# "acceptable work experience" question



## theprocess (Aug 5, 2010)

Suppose a person has an engineering degree from an ABET-accredited program, passes the FE exam, and obtains 4 years of experience working under the supervision of an emeritus engineering professor who owns a private company -- however, that emeritus engineering professor is not a PE. (The company does government contracts, so the government PE signs off on everything; however, this PE is considered a client of the company rather than the supervisor of the engineer-in-training).

Would that person qualify to take the PE exam and become a PE upon passing? Or does the fact that the person works under the supervision of a non-PE disqualify the candidate, even if his supervisor is a retired full-tenured professor of engineering?


----------



## snickerd3 (Aug 5, 2010)

depends on the state and their requirements


----------



## Sschell (Aug 5, 2010)

snickerd3 said:


> depends on the state and their requirements


that^; *and* your dicipline will probably make a difference (i.e. in Ca your scenario would be cool if you are mechE, but not if you are civil).

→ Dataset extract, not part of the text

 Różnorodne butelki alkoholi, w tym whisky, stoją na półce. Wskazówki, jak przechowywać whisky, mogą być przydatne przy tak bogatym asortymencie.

edit... maybe I should have looked and noticed that your dicipline is clearly stated...

good luck.


----------



## Dexman PE (Aug 5, 2010)

In CO, the experience does NOT have to be under a PE, but it helps. You do have to show "progressive engineering experience" showing how your skills/responsibilities/etc have grown during that time.


----------



## Kendis (Aug 7, 2010)

theprocess said:


> Suppose a person has an engineering degree from an ABET-accredited program, passes the FE exam, and obtains 4 years of experience working under the supervision of an emeritus engineering professor who owns a private company -- however, that emeritus engineering professor is not a PE. (The company does government contracts, so the government PE signs off on everything; however, this PE is considered a client of the company rather than the supervisor of the engineer-in-training).
> Would that person qualify to take the PE exam and become a PE upon passing? Or does the fact that the person works under the supervision of a non-PE disqualify the candidate, even if his supervisor is a retired full-tenured professor of engineering?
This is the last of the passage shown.